Collection entries:
----

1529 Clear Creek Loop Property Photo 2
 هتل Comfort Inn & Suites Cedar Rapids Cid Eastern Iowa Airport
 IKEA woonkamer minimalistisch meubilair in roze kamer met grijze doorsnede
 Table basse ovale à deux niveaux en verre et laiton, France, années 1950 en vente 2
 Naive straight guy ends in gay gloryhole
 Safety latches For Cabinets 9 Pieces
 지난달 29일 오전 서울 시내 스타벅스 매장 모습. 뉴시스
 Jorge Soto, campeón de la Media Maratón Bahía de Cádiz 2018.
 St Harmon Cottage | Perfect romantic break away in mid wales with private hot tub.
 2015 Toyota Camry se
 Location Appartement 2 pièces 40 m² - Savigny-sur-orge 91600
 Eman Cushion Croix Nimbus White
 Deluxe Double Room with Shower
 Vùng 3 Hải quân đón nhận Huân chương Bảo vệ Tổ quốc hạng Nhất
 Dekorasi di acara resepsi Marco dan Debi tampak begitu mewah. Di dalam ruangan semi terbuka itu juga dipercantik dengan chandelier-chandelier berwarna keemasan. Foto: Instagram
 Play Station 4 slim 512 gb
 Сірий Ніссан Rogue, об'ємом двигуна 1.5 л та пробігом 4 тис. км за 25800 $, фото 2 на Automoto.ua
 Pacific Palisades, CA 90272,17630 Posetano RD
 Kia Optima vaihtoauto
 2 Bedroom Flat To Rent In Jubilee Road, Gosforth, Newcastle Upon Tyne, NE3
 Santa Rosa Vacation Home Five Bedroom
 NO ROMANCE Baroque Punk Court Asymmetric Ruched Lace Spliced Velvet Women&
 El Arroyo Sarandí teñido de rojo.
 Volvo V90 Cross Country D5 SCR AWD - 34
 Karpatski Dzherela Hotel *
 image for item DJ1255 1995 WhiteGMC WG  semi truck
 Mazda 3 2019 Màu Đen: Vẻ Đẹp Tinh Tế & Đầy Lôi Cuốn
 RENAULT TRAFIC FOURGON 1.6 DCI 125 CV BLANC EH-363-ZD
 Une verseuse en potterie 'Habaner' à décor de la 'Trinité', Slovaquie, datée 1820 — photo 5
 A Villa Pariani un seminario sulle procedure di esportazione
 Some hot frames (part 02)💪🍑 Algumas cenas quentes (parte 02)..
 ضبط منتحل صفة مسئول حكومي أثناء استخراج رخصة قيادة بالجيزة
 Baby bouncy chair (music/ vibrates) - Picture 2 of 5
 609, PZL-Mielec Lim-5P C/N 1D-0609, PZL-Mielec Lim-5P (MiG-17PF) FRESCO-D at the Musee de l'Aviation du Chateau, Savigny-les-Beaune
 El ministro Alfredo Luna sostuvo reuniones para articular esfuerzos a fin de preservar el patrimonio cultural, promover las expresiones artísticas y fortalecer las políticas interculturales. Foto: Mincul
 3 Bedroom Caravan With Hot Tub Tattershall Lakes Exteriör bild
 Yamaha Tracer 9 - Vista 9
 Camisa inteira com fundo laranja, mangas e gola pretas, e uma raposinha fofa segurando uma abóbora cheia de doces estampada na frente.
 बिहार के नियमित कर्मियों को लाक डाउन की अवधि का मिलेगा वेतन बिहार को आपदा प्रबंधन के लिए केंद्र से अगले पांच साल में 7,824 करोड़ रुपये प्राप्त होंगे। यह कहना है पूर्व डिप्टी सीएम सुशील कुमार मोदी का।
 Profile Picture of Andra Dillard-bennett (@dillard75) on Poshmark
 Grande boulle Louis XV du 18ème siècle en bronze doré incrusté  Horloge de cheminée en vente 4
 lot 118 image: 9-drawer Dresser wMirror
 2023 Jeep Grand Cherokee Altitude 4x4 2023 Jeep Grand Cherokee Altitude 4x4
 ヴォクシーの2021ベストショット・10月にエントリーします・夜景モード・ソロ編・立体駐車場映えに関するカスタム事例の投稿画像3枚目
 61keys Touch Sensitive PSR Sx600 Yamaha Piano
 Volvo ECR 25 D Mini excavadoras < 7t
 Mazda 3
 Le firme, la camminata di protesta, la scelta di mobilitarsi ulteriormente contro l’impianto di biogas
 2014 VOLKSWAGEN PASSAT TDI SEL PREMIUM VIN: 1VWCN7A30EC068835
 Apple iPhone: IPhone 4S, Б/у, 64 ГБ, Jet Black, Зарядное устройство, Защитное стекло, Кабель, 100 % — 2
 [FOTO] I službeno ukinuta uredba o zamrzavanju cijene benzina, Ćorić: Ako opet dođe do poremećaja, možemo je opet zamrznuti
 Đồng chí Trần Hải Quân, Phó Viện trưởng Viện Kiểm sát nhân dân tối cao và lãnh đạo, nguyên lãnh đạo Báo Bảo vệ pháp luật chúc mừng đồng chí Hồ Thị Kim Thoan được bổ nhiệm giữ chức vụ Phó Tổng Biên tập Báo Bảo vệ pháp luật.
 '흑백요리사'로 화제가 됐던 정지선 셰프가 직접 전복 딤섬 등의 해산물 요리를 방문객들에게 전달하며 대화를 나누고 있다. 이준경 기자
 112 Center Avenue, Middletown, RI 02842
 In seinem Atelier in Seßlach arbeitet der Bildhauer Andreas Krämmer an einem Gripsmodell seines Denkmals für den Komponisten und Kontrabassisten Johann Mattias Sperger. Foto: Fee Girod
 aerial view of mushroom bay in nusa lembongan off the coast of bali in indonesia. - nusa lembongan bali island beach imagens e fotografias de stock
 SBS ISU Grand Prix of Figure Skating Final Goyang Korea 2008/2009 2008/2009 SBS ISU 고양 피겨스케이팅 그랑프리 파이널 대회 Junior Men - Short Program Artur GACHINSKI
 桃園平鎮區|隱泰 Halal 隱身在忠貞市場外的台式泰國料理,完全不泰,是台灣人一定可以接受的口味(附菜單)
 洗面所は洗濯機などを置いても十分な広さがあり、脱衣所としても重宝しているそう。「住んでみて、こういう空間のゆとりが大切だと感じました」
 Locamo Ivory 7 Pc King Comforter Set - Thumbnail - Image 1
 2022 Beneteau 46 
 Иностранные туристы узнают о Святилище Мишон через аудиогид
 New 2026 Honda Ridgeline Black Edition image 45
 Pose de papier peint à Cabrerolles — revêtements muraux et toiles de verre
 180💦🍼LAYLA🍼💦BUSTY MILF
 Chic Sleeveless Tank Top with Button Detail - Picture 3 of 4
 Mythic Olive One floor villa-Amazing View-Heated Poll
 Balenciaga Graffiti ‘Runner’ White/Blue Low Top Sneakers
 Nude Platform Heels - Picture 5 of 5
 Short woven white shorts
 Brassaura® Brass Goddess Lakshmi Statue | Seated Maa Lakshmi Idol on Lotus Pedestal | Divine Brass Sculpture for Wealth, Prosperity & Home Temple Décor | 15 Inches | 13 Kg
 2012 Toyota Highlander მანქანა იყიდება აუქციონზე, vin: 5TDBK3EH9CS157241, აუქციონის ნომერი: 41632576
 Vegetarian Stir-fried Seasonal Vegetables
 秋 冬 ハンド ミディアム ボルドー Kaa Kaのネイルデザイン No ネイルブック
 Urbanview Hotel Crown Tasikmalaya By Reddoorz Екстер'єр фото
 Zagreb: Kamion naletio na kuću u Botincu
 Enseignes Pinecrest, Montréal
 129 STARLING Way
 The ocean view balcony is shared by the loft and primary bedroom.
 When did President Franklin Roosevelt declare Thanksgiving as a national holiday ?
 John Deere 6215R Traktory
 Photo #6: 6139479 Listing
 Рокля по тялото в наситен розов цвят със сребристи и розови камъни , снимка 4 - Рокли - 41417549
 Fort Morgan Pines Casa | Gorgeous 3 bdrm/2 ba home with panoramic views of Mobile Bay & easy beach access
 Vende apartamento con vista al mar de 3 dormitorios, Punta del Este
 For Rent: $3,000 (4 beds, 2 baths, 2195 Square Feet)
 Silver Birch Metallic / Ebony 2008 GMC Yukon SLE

----

**Work to be completed:** What lines of the data contain the string "Yamaha"? List them.

**Exercise response:**
 Yamaha Tracer 9 - Vista 9
 61keys Touch Sensitive PSR Sx600 Yamaha Piano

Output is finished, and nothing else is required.